ABOUT THIS EXERCISE: In the records below, find the line with "Hi guys, in" and repeat exactly every line from it through the line with "One important thing". Pictures stay out.
(TASK DATA begins)
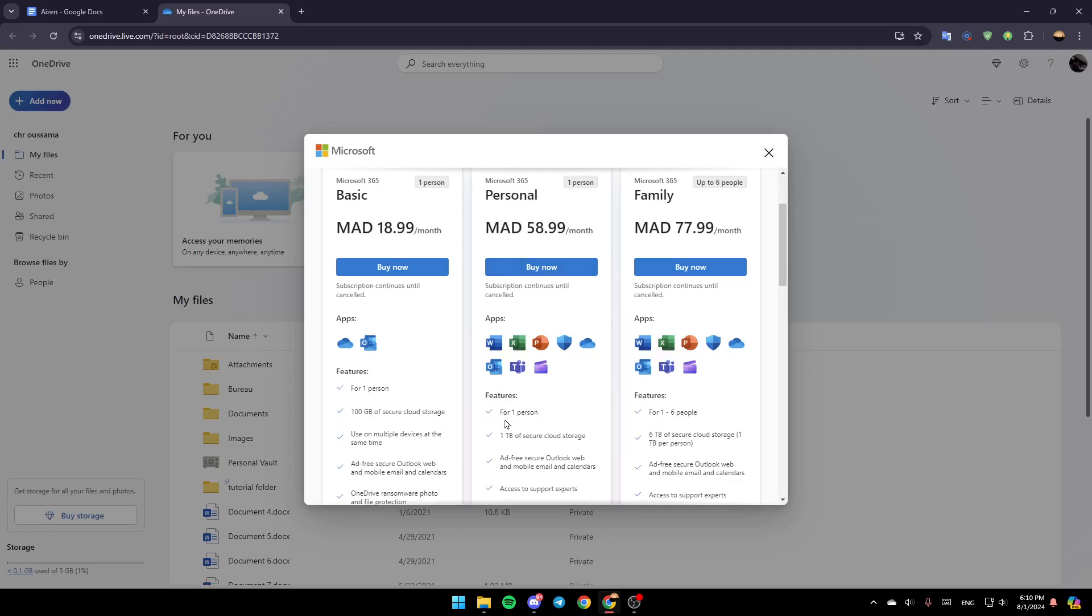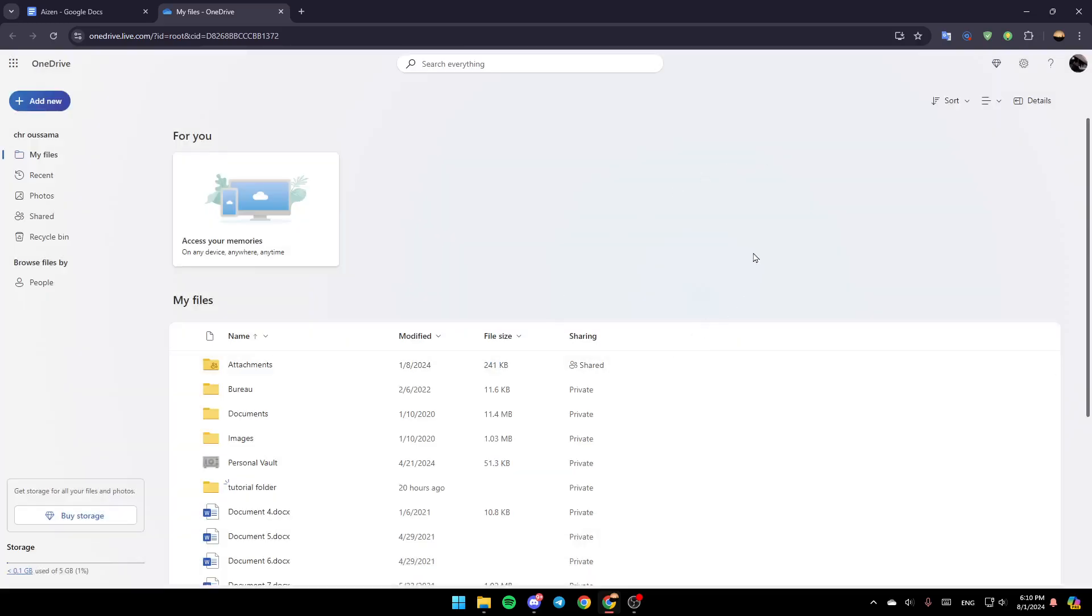With Personal, you're going to be able to get 1TB of secure cloud storage. And lastly, with the Family Plan, you're going to be able to get 6TB of secure cloud storage. So if you want to get 6TB, click on Buy Now and then just follow the steps, buy it, and then you're good to go.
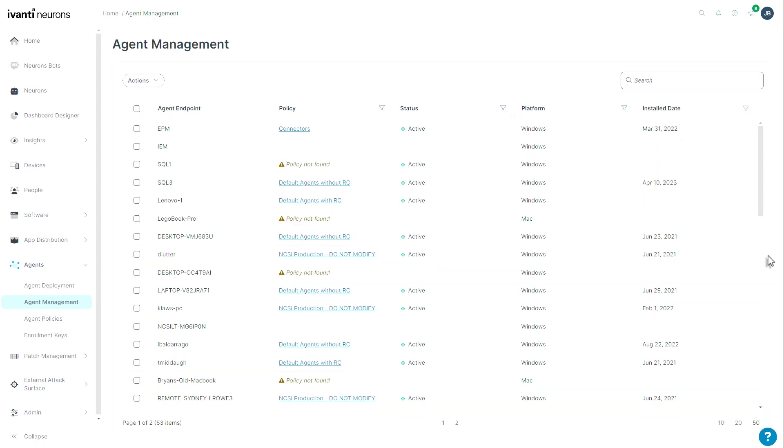This is a vast improvement from the previous agent management tool. It is less prone to mistakes and is far more intuitive. Very excited about this feature.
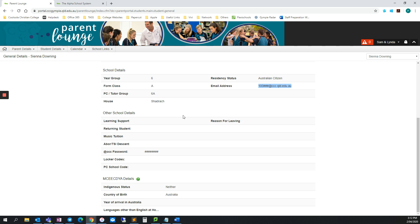Going down further, your child's Office 365 password is listed in the CCC password field under Other School Details. Make a note of this also.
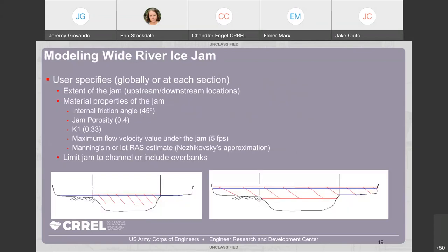For modeling a wide river ice jam, you need to specify several important things: the extent of the jam (how far upstream and downstream), the material properties including internal friction angle, jam porosity, K1 (usually 0.33), the maximum flow velocity under the jam, and the roughness — or you can let RAS estimate it. The jam also needs to be specified as whether it's confined to the channel or can include overbanks, which is a pretty important assumption when modeling.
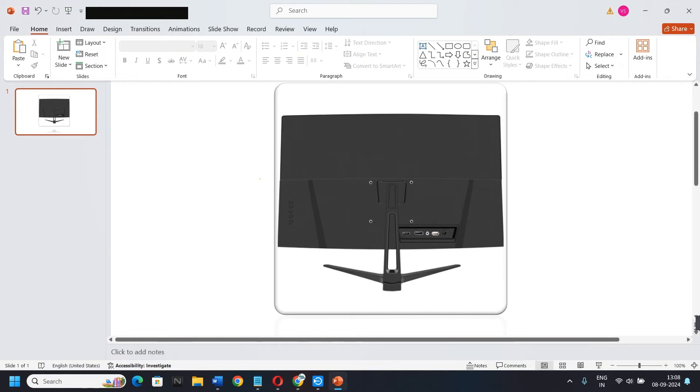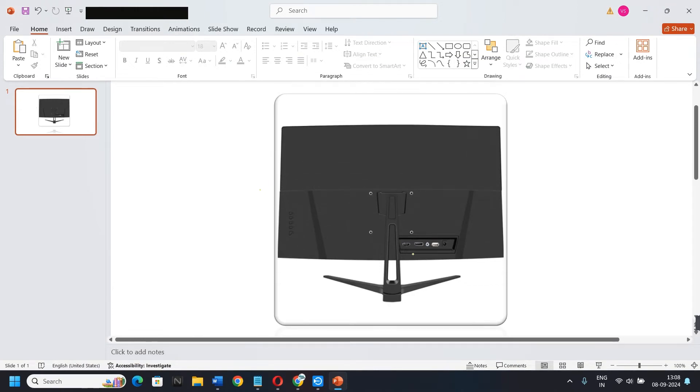Hi guys, in this video I am going to show you how to fix a monitor no sound problem. If you want to fix this problem, you need to follow some steps.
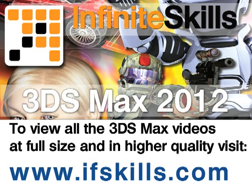This video is just a short extract from the entire course. If you wish to see all of the videos from this series at higher quality and in far larger screen size, head over to ifskills.com.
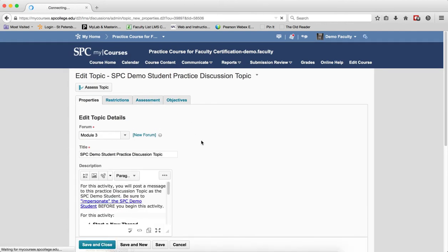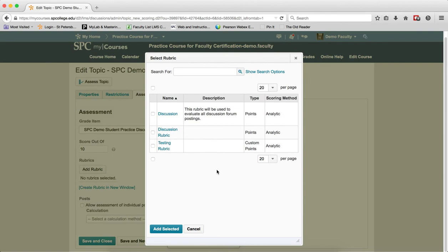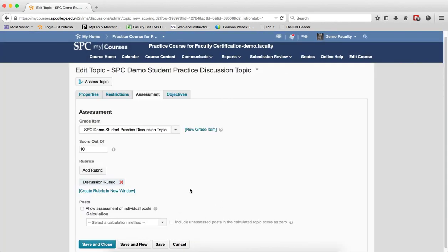Click the Assessment tab. Click the Add Rubric button. A list of rubrics you've added to the course will be shown. You should note that you should please review the tutorials on creating rubrics before you get to this point. Click the checkbox next to the name of the rubric you wish to use. Click Add Selected, then click Save and Close.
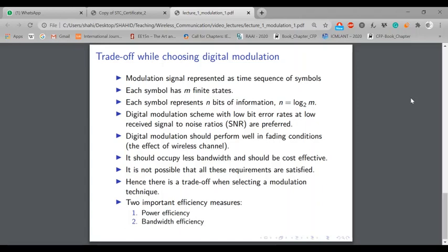Each symbol has M finite states. For example, a QPSK symbol has four possible combinations — how many bits do you need to represent each combination? It is two bits. So if you have M possible combinations, the number of bits represented by each symbol will be log M to the base 2. In 8-PSK you have eight different combinations, so the number of bits will be log 8 to the base 2, which is 3 bits per symbol.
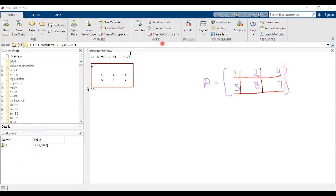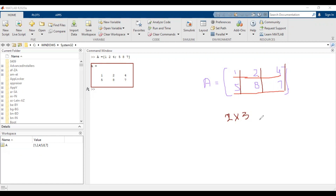One important thing about matrices is that they have a specific number of rows and columns. Matrix A has two rows — row one is 1, 2, 4 and row two is 5, 8, 7. It has three columns: column one is 1 and 5, column two is 2 and 8, column three is 4 and 7. So the size is 2×3, which is also known as the order of the matrix.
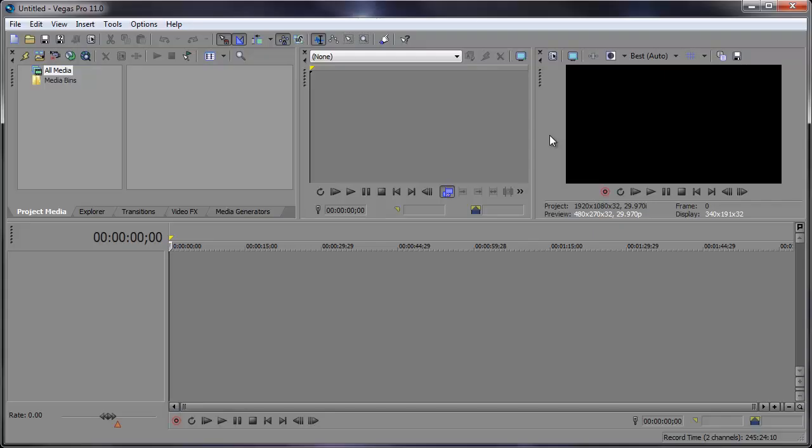Hey everyone, Robert here coming at you with another Sony Vegas tutorial. In this tutorial we're going to be taking a look at masking. Now a few days ago I posted a tutorial over the site explaining how to mask text. Well in this tutorial we're going to be taking a look at that and more. So let's go ahead and get started.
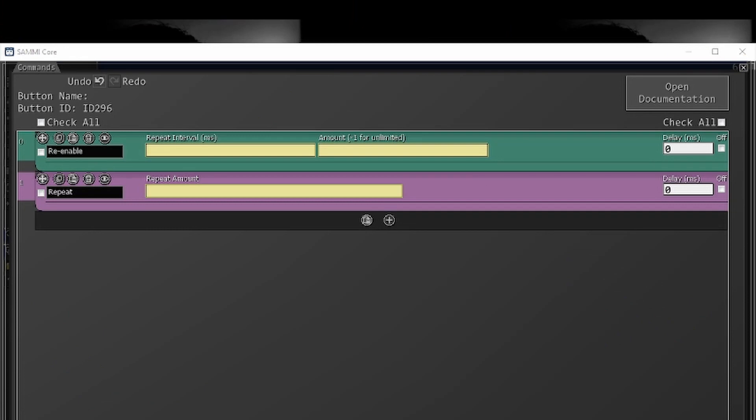Re-enables and repeats are a way for you to iterate over a certain process or to repeat a process multiple times. They're very similar with really slight differences, so let's talk about those.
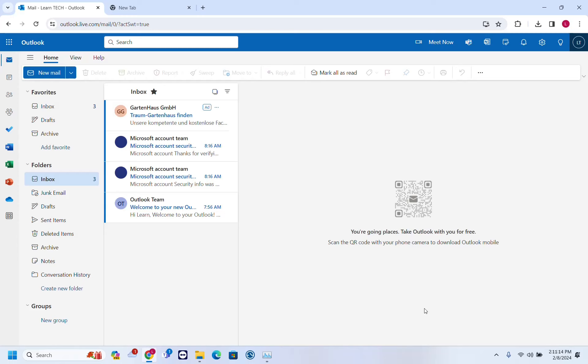In this video I'll show you how we can assign a phone number to an Outlook account and how we can remove or change it. So let's go ahead and open Outlook on the web version.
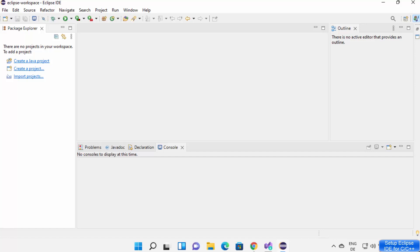In this video I'm going to show you how you can set up the Eclipse IDE for C and C++ development. This video is for those who have already installed Eclipse IDE but haven't selected C and C++ development at the time of installation, and now they want to add that support. I have installed Eclipse IDE for Java development and now I want to add C and C++ support.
(TASK DATA ends)
OUTPUT BELOW:
Hi guys, in this video I am going to show you how to fix a monitor no sound problem. If you want to fix this problem, you need to follow some steps.
This video is just a short extract from the entire course. If you wish to see all of the videos from this series at higher quality and in far larger screen size, head over to ifskills.com.
Click the Assessment tab. Click the Add Rubric button. A list of rubrics you've added to the course will be shown. You should note that you should please review the tutorials on creating rubrics before you get to this point. Click the checkbox next to the name of the rubric you wish to use. Click Add Selected, then click Save and Close.
Each symbol has M finite states. For example, a QPSK symbol has four possible combinations — how many bits do you need to represent each combination? It is two bits. So if you have M possible combinations, the number of bits represented by each symbol will be log M to the base 2. In 8-PSK you have eight different combinations, so the number of bits will be log 8 to the base 2, which is 3 bits per symbol.
One important thing about matrices is that they have a specific number of rows and columns. Matrix A has two rows — row one is 1, 2, 4 and row two is 5, 8, 7. It has three columns: column one is 1 and 5, column two is 2 and 8, column three is 4 and 7. So the size is 2×3, which is also known as the order of the matrix.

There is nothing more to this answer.